First off, it's spelled STALE. "Stell" is not a word.
Secondly, Super Paper Mario (2D/3D flipping), Super Mario Galaxy (planetoid levels/gravity physics), NSMB Wii (4 player co-op for a platformer), Skyward Sword (motion controlled swordplay done right) might want to have a word with the whole "lack of innovation" thing, not to even mention Wii Sports, Wii Fit, etc.
And if you want to point to ANYONE for "putting out the same thing", "lacking innovation", and "growing stale", why not start with:
Sony
Microsoft
Epic
EA
Activision
Sega
Konami
Capcom
Square-Enix
2K Games
Ubisoft
or any of the endless number of developers whose games they regularly publish.
Pointing to Nintendo and accusing them of milking franchises and doing nothing new, kind of falls spectacularly short of the mark and comes off and incredibly disingenuous when all the (JUST RECENT) games that people love to play, IE Gears of War, God of War, Halo, Assassin's Creed, Bioshock, Tomb Raider, Call of Duty, Madden, etc. etc. etc., are all pretty much the exact same thing every iteration. Sure, the new Tomb Raider is "different", if by "different" you mean "copying what Uncharted does to try and seem modern and relevant".
I'm just saying. Pot calling kettle black. If ANYONE has been doing even the tiniest bit of innovation over the last many years, it's been Nintendo, and not much of anyone else. Yes yes, Sony had it's Wiimote Nunchuck that they've largely abandoned. Microsoft had their Kinect, which while LESS a blatant ripoff by being "controller free", was also notorious for just not working that well, and quite frankly most people want AT LEAST some kind of wand to wave around, instead of flailing around sans-controller.
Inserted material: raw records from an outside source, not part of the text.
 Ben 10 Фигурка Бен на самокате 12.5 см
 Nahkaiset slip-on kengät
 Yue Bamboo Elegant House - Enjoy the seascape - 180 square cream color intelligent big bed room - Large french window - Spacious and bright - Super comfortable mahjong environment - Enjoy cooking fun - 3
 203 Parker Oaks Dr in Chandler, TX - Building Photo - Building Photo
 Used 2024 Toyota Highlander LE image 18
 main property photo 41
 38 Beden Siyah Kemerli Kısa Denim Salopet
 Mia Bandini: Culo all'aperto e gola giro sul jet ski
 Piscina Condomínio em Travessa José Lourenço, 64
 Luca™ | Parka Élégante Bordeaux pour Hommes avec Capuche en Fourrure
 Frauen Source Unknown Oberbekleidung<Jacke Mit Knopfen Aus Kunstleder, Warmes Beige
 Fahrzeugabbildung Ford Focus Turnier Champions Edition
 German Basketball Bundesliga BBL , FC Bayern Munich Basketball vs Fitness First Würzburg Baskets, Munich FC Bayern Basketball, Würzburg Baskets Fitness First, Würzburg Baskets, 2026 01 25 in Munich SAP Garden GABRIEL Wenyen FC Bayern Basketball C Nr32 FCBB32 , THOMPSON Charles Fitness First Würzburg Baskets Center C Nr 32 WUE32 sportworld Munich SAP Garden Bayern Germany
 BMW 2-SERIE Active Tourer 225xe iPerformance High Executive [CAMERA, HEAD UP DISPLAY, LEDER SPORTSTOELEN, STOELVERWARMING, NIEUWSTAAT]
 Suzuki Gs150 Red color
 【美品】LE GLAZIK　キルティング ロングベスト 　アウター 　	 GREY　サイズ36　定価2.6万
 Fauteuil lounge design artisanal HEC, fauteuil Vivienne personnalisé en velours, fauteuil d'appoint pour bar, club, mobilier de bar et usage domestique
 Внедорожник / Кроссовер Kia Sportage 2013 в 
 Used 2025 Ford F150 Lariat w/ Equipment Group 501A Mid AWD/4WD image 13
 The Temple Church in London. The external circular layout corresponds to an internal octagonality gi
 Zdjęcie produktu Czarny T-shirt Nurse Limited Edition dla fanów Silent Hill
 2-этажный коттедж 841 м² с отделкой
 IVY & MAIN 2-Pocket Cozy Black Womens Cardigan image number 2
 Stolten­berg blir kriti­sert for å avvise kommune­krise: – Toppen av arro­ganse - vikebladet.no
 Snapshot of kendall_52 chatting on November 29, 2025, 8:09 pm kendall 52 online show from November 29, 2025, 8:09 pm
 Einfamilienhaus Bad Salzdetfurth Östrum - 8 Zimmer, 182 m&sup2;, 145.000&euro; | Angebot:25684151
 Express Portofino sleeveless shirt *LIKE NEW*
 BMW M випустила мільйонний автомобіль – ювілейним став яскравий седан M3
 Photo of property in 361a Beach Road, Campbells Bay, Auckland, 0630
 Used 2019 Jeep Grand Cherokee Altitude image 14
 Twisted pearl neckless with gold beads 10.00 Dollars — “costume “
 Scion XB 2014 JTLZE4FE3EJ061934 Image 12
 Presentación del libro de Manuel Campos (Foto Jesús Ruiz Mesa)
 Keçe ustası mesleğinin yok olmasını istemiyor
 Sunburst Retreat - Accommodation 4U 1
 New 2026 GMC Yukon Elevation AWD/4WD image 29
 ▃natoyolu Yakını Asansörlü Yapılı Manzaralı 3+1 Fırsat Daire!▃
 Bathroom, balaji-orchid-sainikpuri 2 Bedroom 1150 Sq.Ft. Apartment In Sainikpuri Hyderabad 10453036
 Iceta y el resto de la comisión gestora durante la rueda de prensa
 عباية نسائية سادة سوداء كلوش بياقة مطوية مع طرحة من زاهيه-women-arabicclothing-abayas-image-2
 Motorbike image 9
And for all of that, both were merely peripherals which continued to be largely ignored when it came to their actual big game releases.
The GamePad, at least, is rather innovative in it's approach to a home console spectrum.
So regardless, calling Nintendo out for making more of their old franchises and "not being innovative" is rather silly considering the state of the industry as a whole.